■ EXERCISE OBJECTIVE
In the entries below, begin at the line with "Thanks for playing." and stop after the line with "This collection has, I"; output those lines exactly and omit the pictures.

[Stored items]
↓
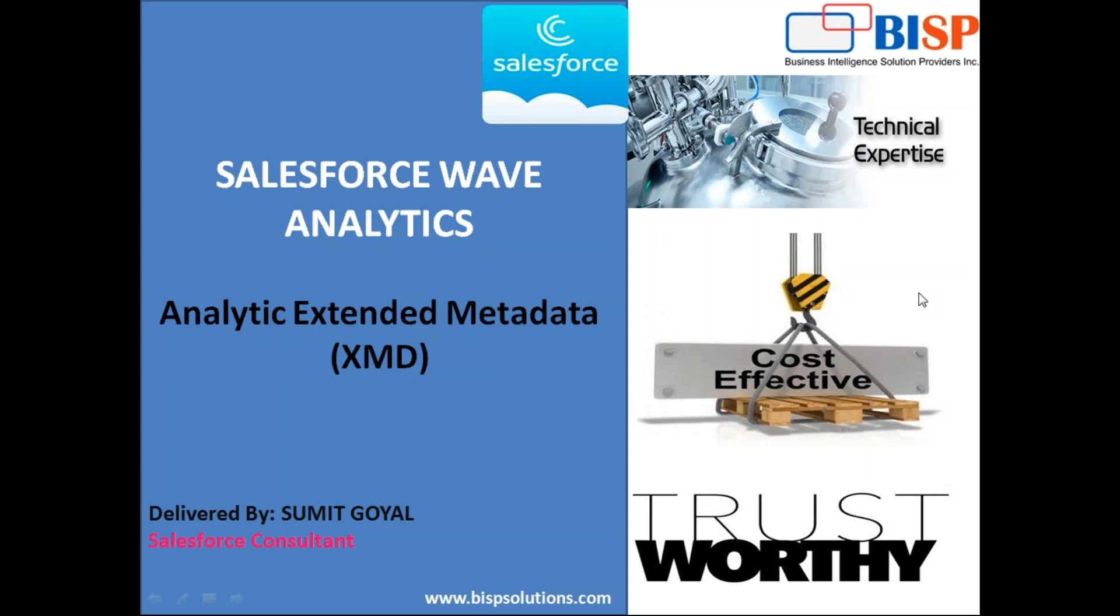Through this video, I'm going to demonstrate how we can customize XMD. This will be a series of videos and this is the first part. In this video, we're going to see how we can customize the data set fields and field values in a data set.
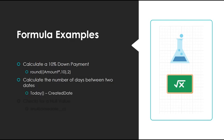Or let's say we wanted a formula to calculate the number of days between two dates. We can use the system function called today, which returns today's date, and subtract the number of days of the day that something was created. This would give us the days between these two dates.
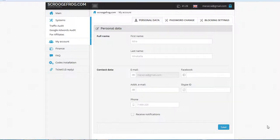Hi, in this video I'm going to show you how to install the ScroogeFrog codes on your website.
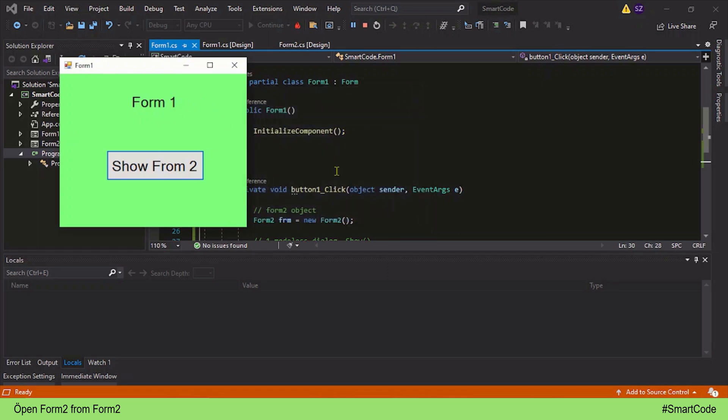So this is how modal dialog behaves. It establishes a relationship with its creator, and that relationship is called owner and owned. My friends, that's it for this simple tutorial on how to show another form as a dialog. I hope it will help you out in your projects. I will see you around and thanks for watching.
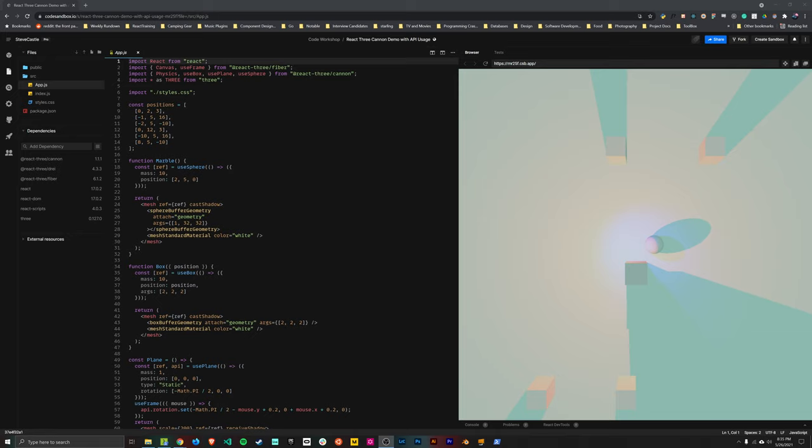Hey, welcome to this tutorial on the React 3 Cannon library, a really cool library for adding physics to a React 3 Fiber scene.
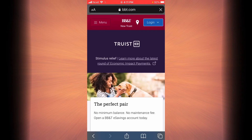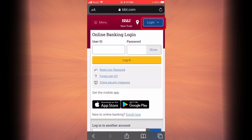Now you will have to tap on login. Enter your user ID here. Enter your password here, and then tap on login.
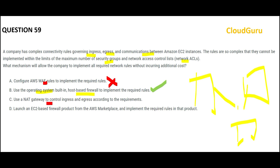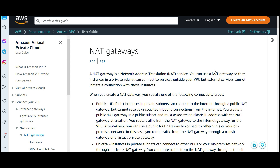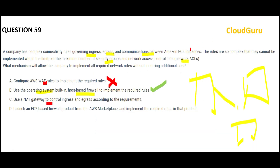Option C says use NAT gateway. Think of it like this: in some families, if you want to talk to the wife you have to go through the husband — the husband is the NAT device. Other people cannot talk to the wife directly. Does the scenario say that EC2 is in a private instance and cannot access the internet and that's why you need a NAT device? No, the question doesn't say so, so NAT gateway is wrong.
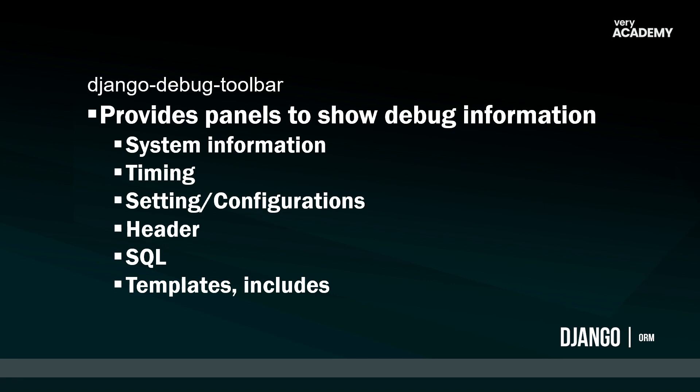The Django debug toolbar package provides a panel in our website to show debug information, and we can run this on every single page of our application. The type of information that is going to provide us is system information, what version of Python we're using, for example, and what version of Django. So timing information, how long potentially the page took to render or to return from the server, and then setting and configurations.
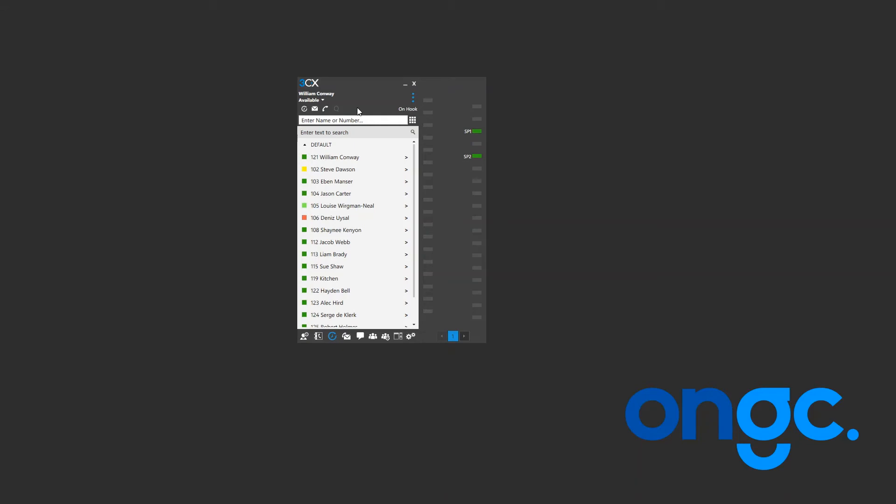An example of this in use might be to log out of queues when on a break to stop inbound calls being allocated to your extension.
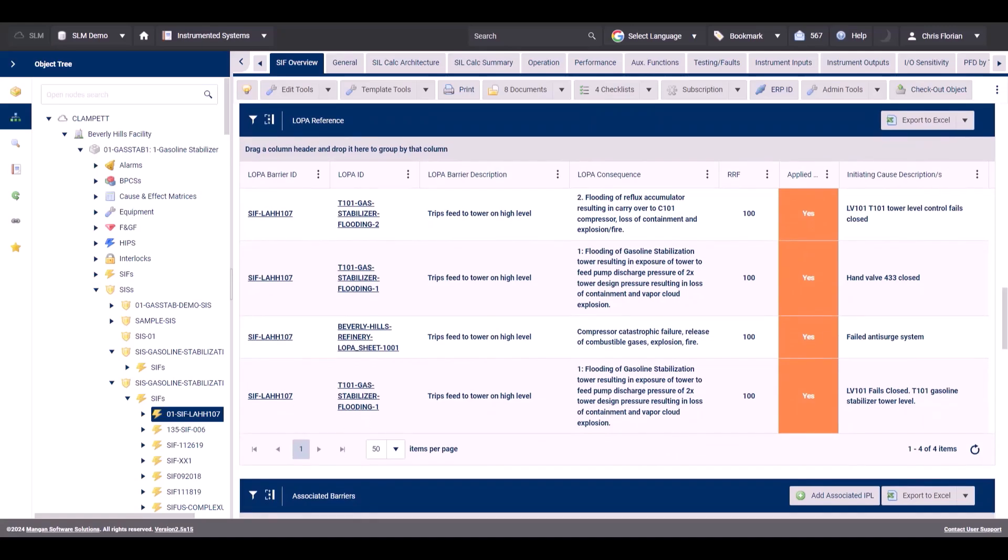This information can also be seen in Instrumented Systems on the SIF overview tab — scroll down to the LOPA reference table. Here, it shows the LOPA barrier or IPL ID, the LOPA worksheet, scenario information including your cause and consequence, and risk reduction factor.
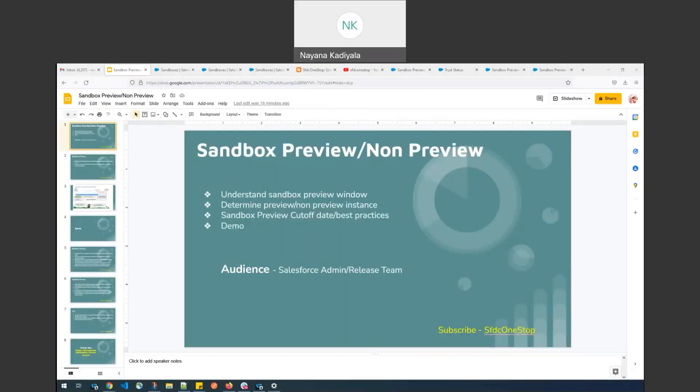Hi everyone, I'm Nana. This is the third video of the SFDC One-Stop Sandbox Management Tutorial, where we'll understand what Sandbox Preview is, how to determine whether Sandbox instances are Preview or Non-Preview, and the importance of Sandbox Preview, Cut-off Date, and best practices followed by Depo.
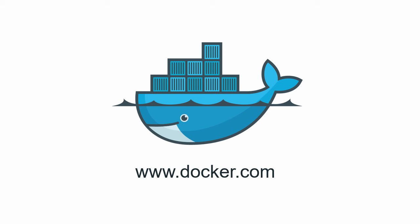In this video we're going to see just how easy it is to get your first Docker swarm cluster up and running.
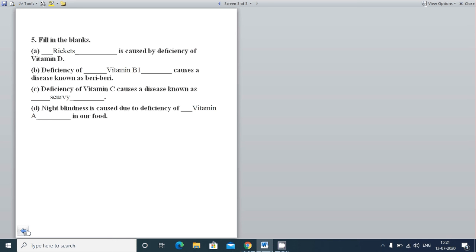Next: Night blindness is caused due to deficiency of blank in our food. Night blindness means not being able to see at night — which vitamin deficiency causes this? That is Vitamin A. So we can see how important vitamins and minerals are for our body.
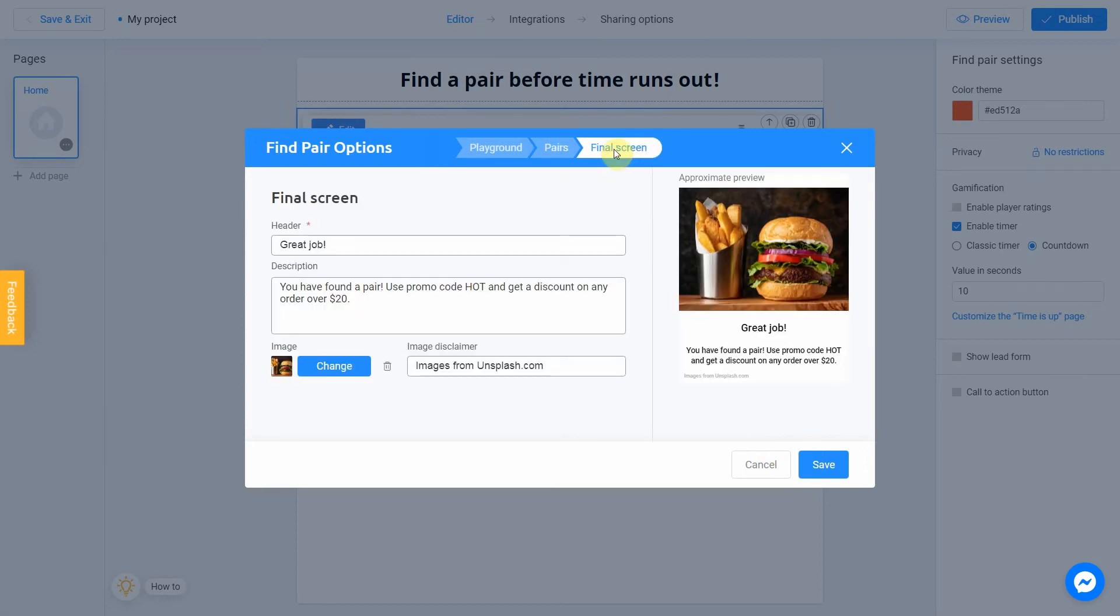For the next step, jump to the final screen tab. Click Successfully Complete Our Game. Look at the preview on the right side of the screen to get an idea of what the final screen of your game will look like.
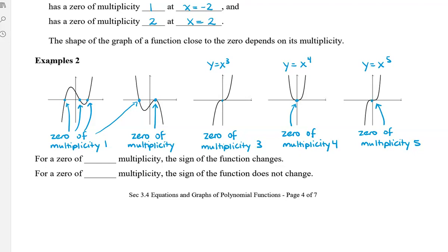For a zero of odd multiplicity, the sign of the function changes — it crosses from positive to negative, or from negative to positive. For a zero of even multiplicity — such as 2 and 4 — the sign of the function does not change. Here the y-value is negative, it hits the x-intercept, and then it's still negative. For the zero of multiplicity 4 with x to the 4th, the y-value is positive, it hits the x-axis, but then goes back up and the y-value is still positive.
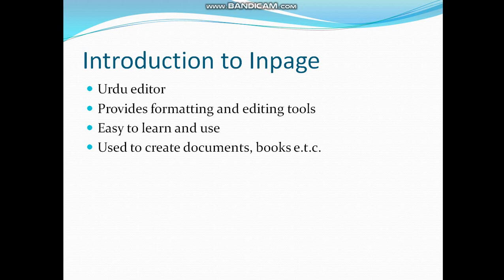Today we will study about InPage. InPage is an Urdu editor like MS Word. It is used to prepare documents in Urdu and provides many formatting and editing tools like MS Word.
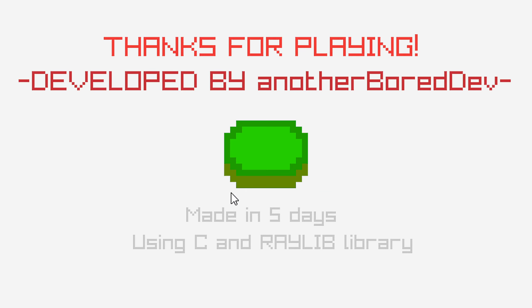Thanks for playing. Hey! I did it in 4 minutes. It's made in 5 days. That's actually really cool. Using C and Raylib library. Yeah, that's cool. It's a version 1.0 that I played.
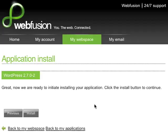That's it. With WebFusion's one-click feature, it's unbelievably easy to install applications like WordPress literally with the click of a button.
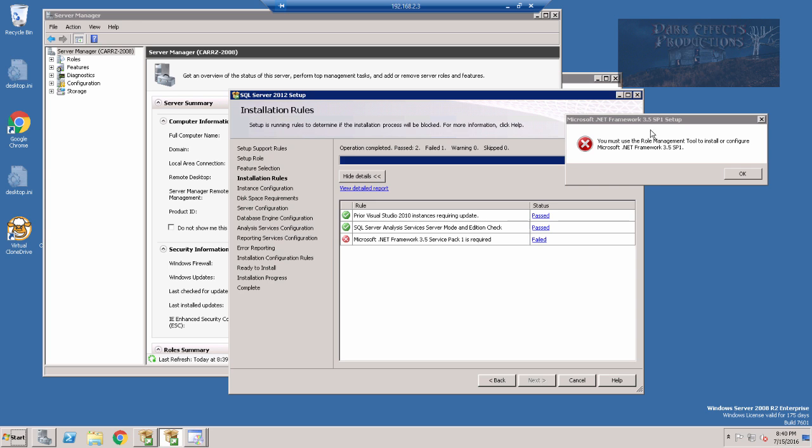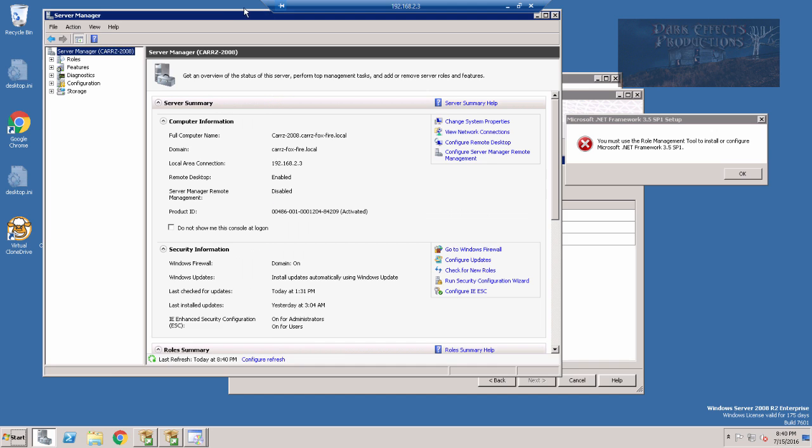So whenever I downloaded the Service Pack, the 3.5 Service Pack 1 installation, it gives me this error right here, right before the installation completes. It says you must use the role management tool to install or configure Microsoft .NET Framework 3.5 Service Pack 1.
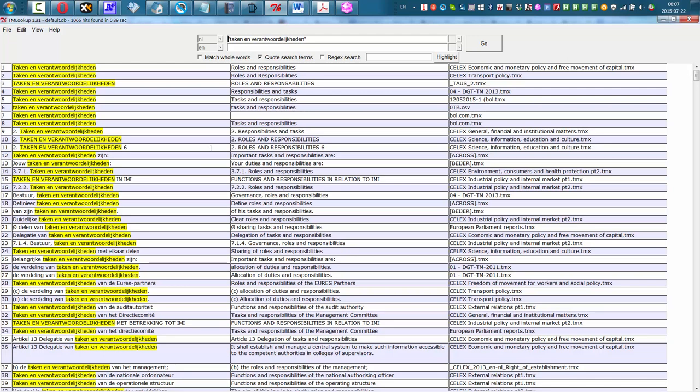This collection has, I have around, I don't know, 40 or 45 million translation units. So I think this is about 25 gigabytes of TMXs it's searching here.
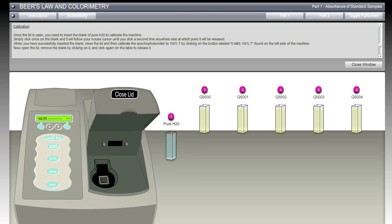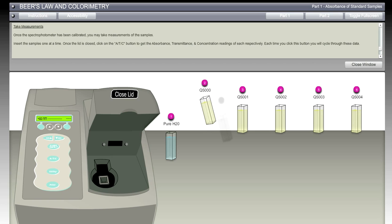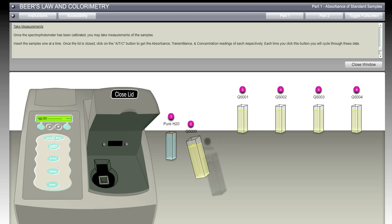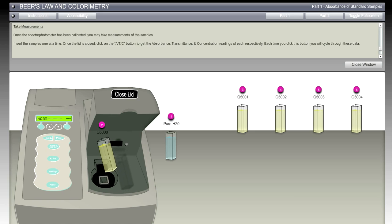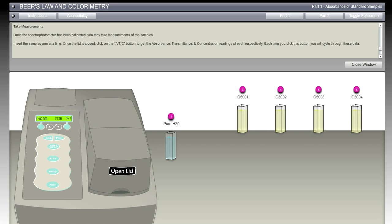Now we're off to the next set of instructions. Take measurements. So now we've got the part where once we have the spectrophotometer calibrated, we're going to take the measurements of the samples. We're going to grab this first one, Q5000, and drop that in the same receptacle that we did earlier with the water. Now that it's in there, we're going to close the lid.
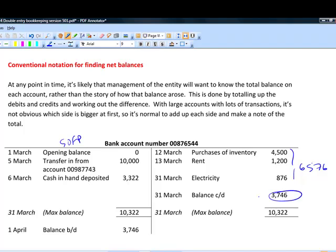To record the fact that there's a net debit balance of 3,746, the conventional notation uses what's called a 'balance carried down.' On the credit side there's a gap — that's where the figure of 3,746 goes as the balance carried down. Some people get very concerned about whether it's 'carried down' or 'carried forward,' but it really doesn't matter much. Strictly, carried forward is during a period and carried down is at the end of a period, but the approach is the same.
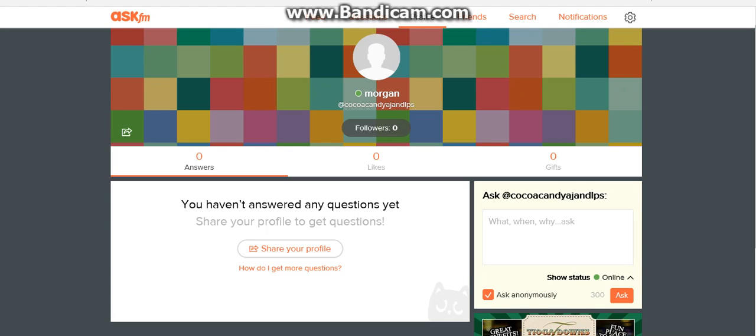Hi guys, it's me CocoCandy here, and today I'm going to be showing you guys my ask.fm page.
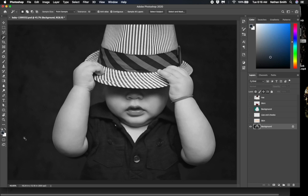It doesn't matter which means you use to select in Photoshop. What is important is the accuracy of your selection and the time it takes you to do that.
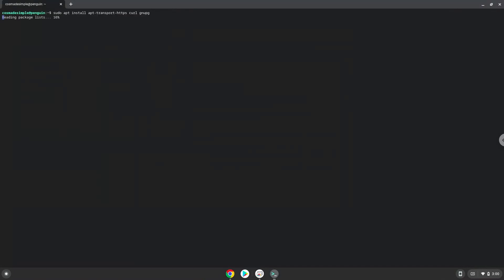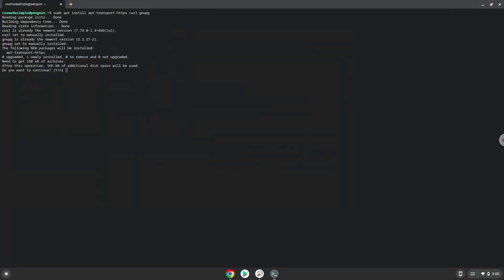Press Enter. Press Enter to confirm the installation.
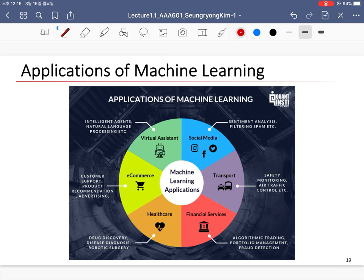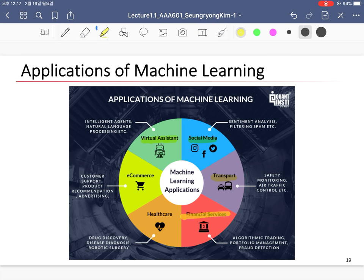That's the basic idea of machine learning. We are now living in the machine learning world. Machine learning and deep learning can be applied to so many applications, such as virtual assistants and intelligent agents, social media, transportation like intelligent self-driving cars, financial services, and healthcare like drug discovery and disease diagnosis, and e-commerce.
↑
■ FINISHED TASK
Thanks for playing. Hey! I did it in 4 minutes. It's made in 5 days. That's actually really cool. Using C and Raylib library. Yeah, that's cool. It's a version 1.0 that I played.
That's it. With WebFusion's one-click feature, it's unbelievably easy to install applications like WordPress literally with the click of a button.
So whenever I downloaded the Service Pack, the 3.5 Service Pack 1 installation, it gives me this error right here, right before the installation completes. It says you must use the role management tool to install or configure Microsoft .NET Framework 3.5 Service Pack 1.
This collection has, I have around, I don't know, 40 or 45 million translation units. So I think this is about 25 gigabytes of TMXs it's searching here.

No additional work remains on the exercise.